“I don’t believe I told you,” replied Tom, “but I’m with Boise, Keen & Cutler. I have brought you some papers from them.”
“Oh, yes. I told them to send up the documents, but I had forgotten all about it. I have secured quite a rare book, an early edition of Smollett, and that drove everything else out of my mind. But come into my study.”
He led the way into a room, the walls of which were lined with row after row of books. Tom gave him the papers and delivered the message, then, in obedience with the instructions of Mr. Boise, the lad watched to see where Dr. Spidderkins would put the documents.
“I’ll lay them on this shelf,” the doctor said, “right under this volume of Fielding. Ah, that is a rare and valuable work. Then I’ll remember where the papers are. I picked up that book on Fielding the same day I got the first edition of Plutarch’s Lives—no, I’m wrong—it was the day I secured, in a second-hand book store, the complete edition of Dickens, with the original illustrations. Queer, how some things will slip out of my mind.”
“Do you think you’ll remember where the papers are now, doctor?” asked Tom.

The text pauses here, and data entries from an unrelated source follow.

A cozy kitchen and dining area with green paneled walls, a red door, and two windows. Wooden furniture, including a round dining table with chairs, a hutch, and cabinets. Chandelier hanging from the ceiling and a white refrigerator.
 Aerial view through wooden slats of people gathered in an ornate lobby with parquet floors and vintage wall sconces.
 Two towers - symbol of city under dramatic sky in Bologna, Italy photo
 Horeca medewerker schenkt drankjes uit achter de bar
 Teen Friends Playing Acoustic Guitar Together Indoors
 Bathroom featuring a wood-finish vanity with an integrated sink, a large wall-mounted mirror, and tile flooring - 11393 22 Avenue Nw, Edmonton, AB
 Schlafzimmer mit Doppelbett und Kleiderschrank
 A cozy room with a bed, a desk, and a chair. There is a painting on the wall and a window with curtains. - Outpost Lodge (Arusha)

“Oh, yes, indeed I will. I have occasion to look at the volume of Balzac every day, and——”
“But I thought you said you was going to put them under a book on baseball fielding.”
“Baseball fielding! Oh! Ha! Ha! I see. You thought I was going in for sport! No, no, my dear young friend; Fielding is the name of an early English novelist. But I did say Fielding, and not Balzac. There! My memory is getting more and more wretched every day!”
“I guess I don’t know much about books,” admitted Tom.
“Well, you’ll learn. I’m much obliged to you, for bringing the papers. There, I’ve put them under Mr. Fielding’s book—not the baseball fielding, remember, Tom—and they’ll be safe until I want them, and I shan’t forget where they are.”